The Nightingale
TRIGGERWARNUNG: Dieser Film diskutiert sensible Themen und zeigt sehr explizite Szenen körperlicher und sexueller Gewalt. In diesem Artikel werde ich auf die Schilderung von grausamen Details verzichten – trotzdem wird diese Kritik zumindest andeutungsweise auf diese Gewaltszenen eingehen. Wer damit, aus welchen Gründen auch immer, ein Problem hat, sollte an dieser Stelle aufhören zu lesen.
Zu einer meiner eindringlichsten und besonders schwer verdaulichen Filmerfahrungen gehört der Tag, an dem ich das erste Mal den russischen Film Komm und sieh von 1985 sah. Das Meisterwerk von Elem Klimov ist bis heute einer der ganz wenigen Filme, der sich das Prädikat „ANTI-Kriegsfilm“ wirklich verdient. Komm und sieh ist grausam und brutal auf eine Weise, die – anders als ein Großteil der vielen, vielen Kriegsfilme da draußen – nicht sensationsheischend oder spektakulär in Szene gesetzt wird und die Grausamkeit des Krieges für den Zuschauer wirklich erlebbar macht. Sobald der Abspann läuft, fühlt man sich leer, erschöpft, abgestumpft und entsetzt zugleich. Es ist einer der besten und wichtigsten Filme aller Zeiten – und ich habe große Schwierigkeiten, mir ihn nochmals anzusehen.

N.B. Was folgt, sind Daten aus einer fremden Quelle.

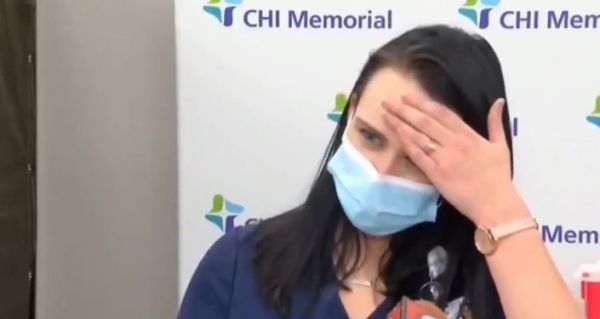 Κοροναϊός : Νοσοκόμα λιποθυμά λίγο αφότου κάνει το εμβόλιο – Τι το προκάλεσε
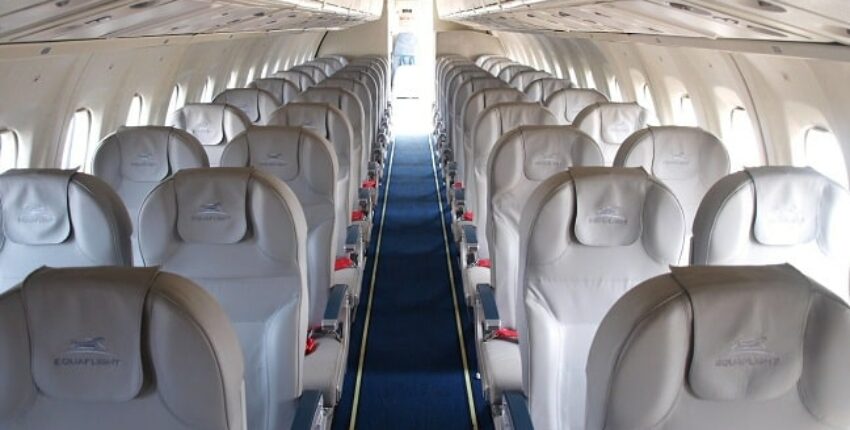 emplacement jet privé, intérieur cabine vide, sièges blancs.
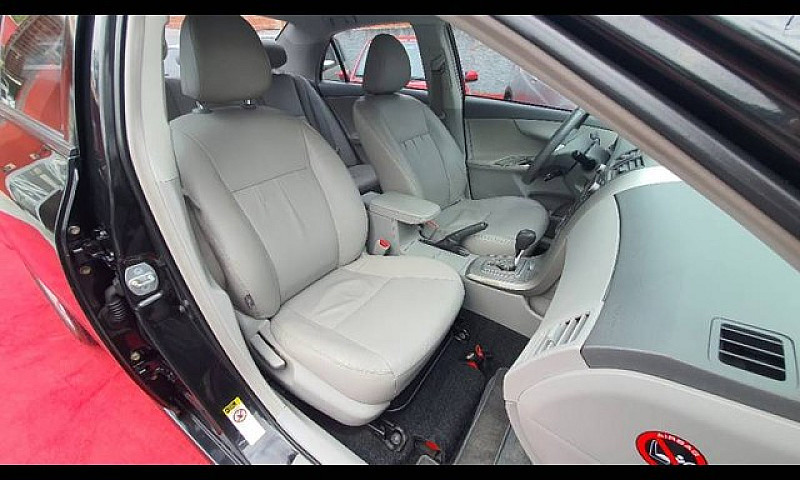 Toyota Corolla Xei 1...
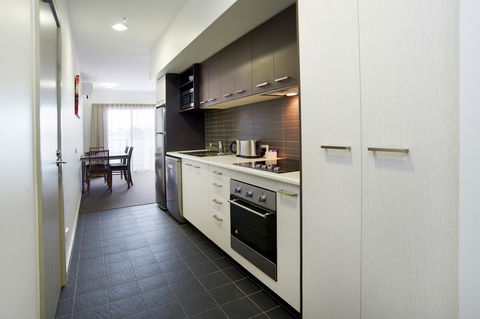 Quest Werribee - Lightning Ridge Tourism 13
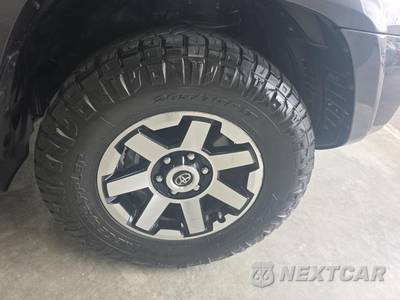2020 Toyota 4Runner TRD Off-Road Premium - zdjęcie 9 z 36 - miniatura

Wer diese Einleitung liest und sich denkt: Oha, das verheißt nichts Gutes für den Rest dieser Review … nun ja, der hat Recht. Denn heute reden wir über The Nightingale – Schrei nach Rache, der neue (nun ja, zumindest in Deutschland, in den USA ist der Film schon 2018 erschienen) Film von Jennifer Kent nach ihrem gefeierten Horror-Erstling The Babadook. Titel und Trailer lassen auf einen konventionellen Rachethriller im Stile der Rape ‘n’Revenge Exploitation-Filme aus den 70ern schließen. Das ist aber nur die halbe Wahrheit – wenn überhaupt. Denn The Nightingale spielt in einer hochbrisanten Zeit: die australische Kolonialzeit. Na dann mal rein ins Vergnügen …
Das Jahr 1825 in Australien, genauer die britische Strafkolonie Tasmanien. Britische Soldaten befinden sich in einem grausamen Krieg mit den vertriebenen Ureinwohnern. Inmitten dieses Wahnsinns befindet sich die verurteilte und damit nahezu rechtelose Irin Clare (Aisling Franciosi) mitsamt Ehemann und Baby. Die junge Frau mit dem Spitznamen „Nachtigall“ hofft, nach einer Reihe erniedrigender Dienste für den englischen Lieutenant Hawkins (Sam Claflin) von diesem endlich freigesprochen zu werden. Nachdem er aber nach einer Auseinandersetzung mit Clares Ehemann um seine bevorstehende Beförderung gebracht wird, brechen Hawkins und zwei weitere Soldaten (gespielt von Damon Herriman und Harry Greenwood) in Clares Unterkunft ein, quälen sie und töten Mann und Kind. Alles, was der traumatisierten Clare noch bleibt, ist Rache und so nimmt in der tasmanischen Wildnis die Verfolgung auf. Unterstützt wird sie von dem fährtenlesenden Ureinwohner Billy (Baykali Gamambarr), der selbst mit dem Trauma durch die Grausamkeiten der britischen Siedler zu kämpfen hat.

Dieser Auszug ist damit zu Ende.